Wage developments at the end of last year were marked by a year-on-year decline in the average gross wage, and a widening gap between the public and private sectors.

The year-on-year change in the average gross wage turned negative in December of last year for the first time in three and a half years (–0.5%; Figure 4.2, left). The main reason for the decline was smaller extraordinary payments, which firms most likely replaced in part with the mandatory Christmas bonus.[50] Higher inflation meant that the real year-on-year decline in the average gross wage was even more pronounced (–3.0%). Growth in the average gross wage averaged 5.9% over the year, down 0.3 percentage points on the previous year. Real growth stood at 3.3%, down almost 1 percentage point on the previous year.

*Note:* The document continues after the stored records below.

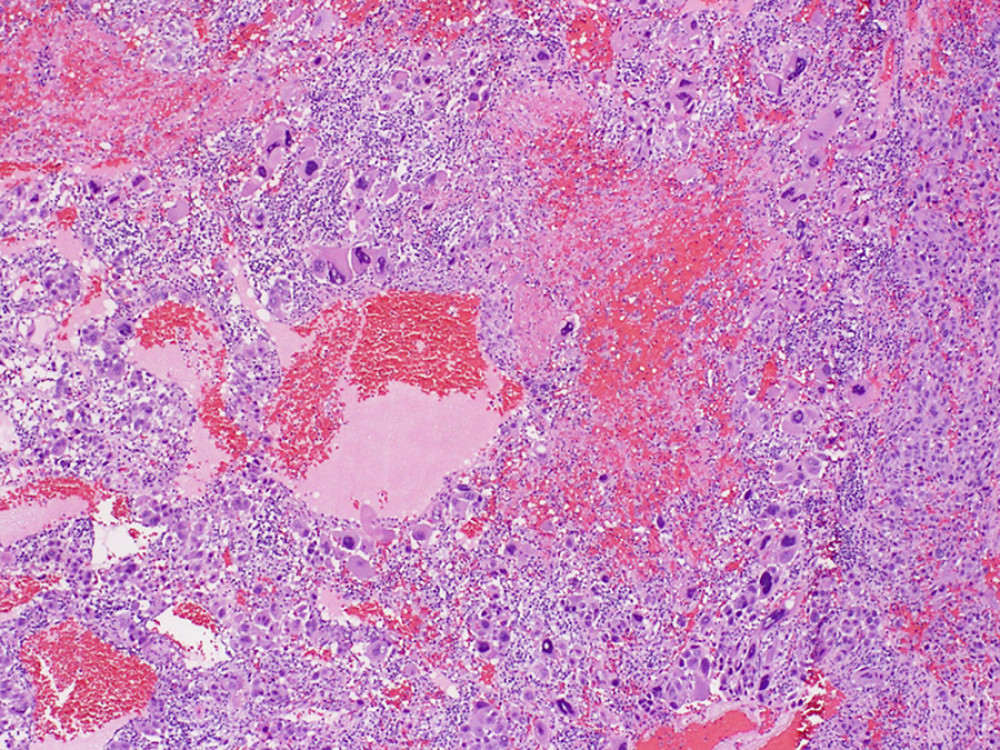 Hematoxylin and eosin stain: highly cellular and anaplastic neoplasm with extensive hemorrhage.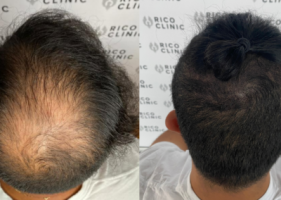 clinics hair transplant clinics montreal RICO CLINIC SCALP MICROPIGMENTATION MONTREAL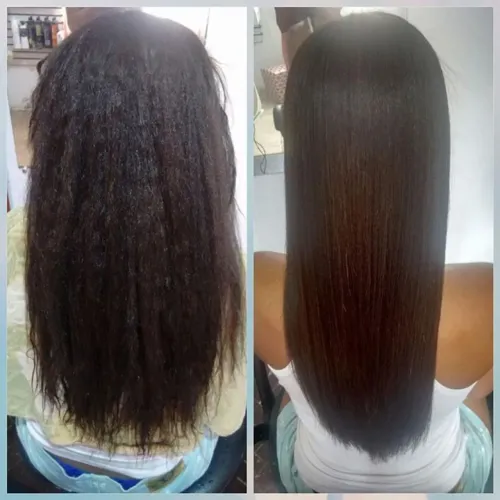 SELAGEM E BOTOX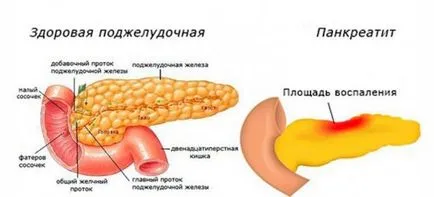 Omez pancreatitis hogyan kell bevenni, utasítások, ellenjavallatok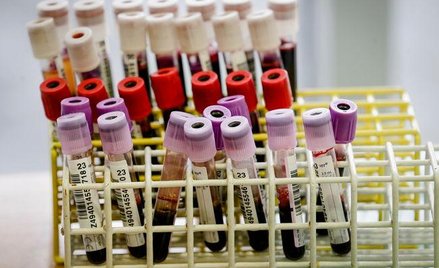 Pacjenci czekają na refundacje preparatów immunoglobin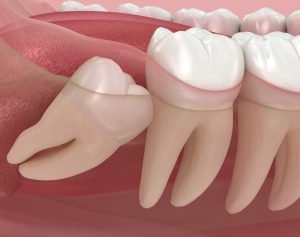 mesial impaction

The gap in the year-on-year changes in the average gross wage between the public and private sectors widened further in December. The average gross wage was down 3.9% in year-on-year terms in the private sector, but up 6.1% in the public sector. Wages in the private sector increased by 3.9% on an annual basis, or 1.4% in real terms. Reform of the public sector pay system meant that wage growth was significantly higher in the public sector at 9.4%, or 6.7% in real terms.

The divergence between the two sectors is also confirmed by the national accounts data.[51] Annual growth in compensation of employees per employee in private sector activities (6.4%) was half that recorded in public sector activities (12.9%). In both sectors growth in compensation per employee exceeded growth in labour productivity, which amounted to 4.3% in private sector activities and 9.7% in public sector activities. Last year’s growth in compensation of employees was dampened by a larger year-on-year decline in the number of employees and by a smaller contribution of compensation per employee in the private sector, but was supported by the contribution of compensation per employee in the public sector (Figure 4.2, right).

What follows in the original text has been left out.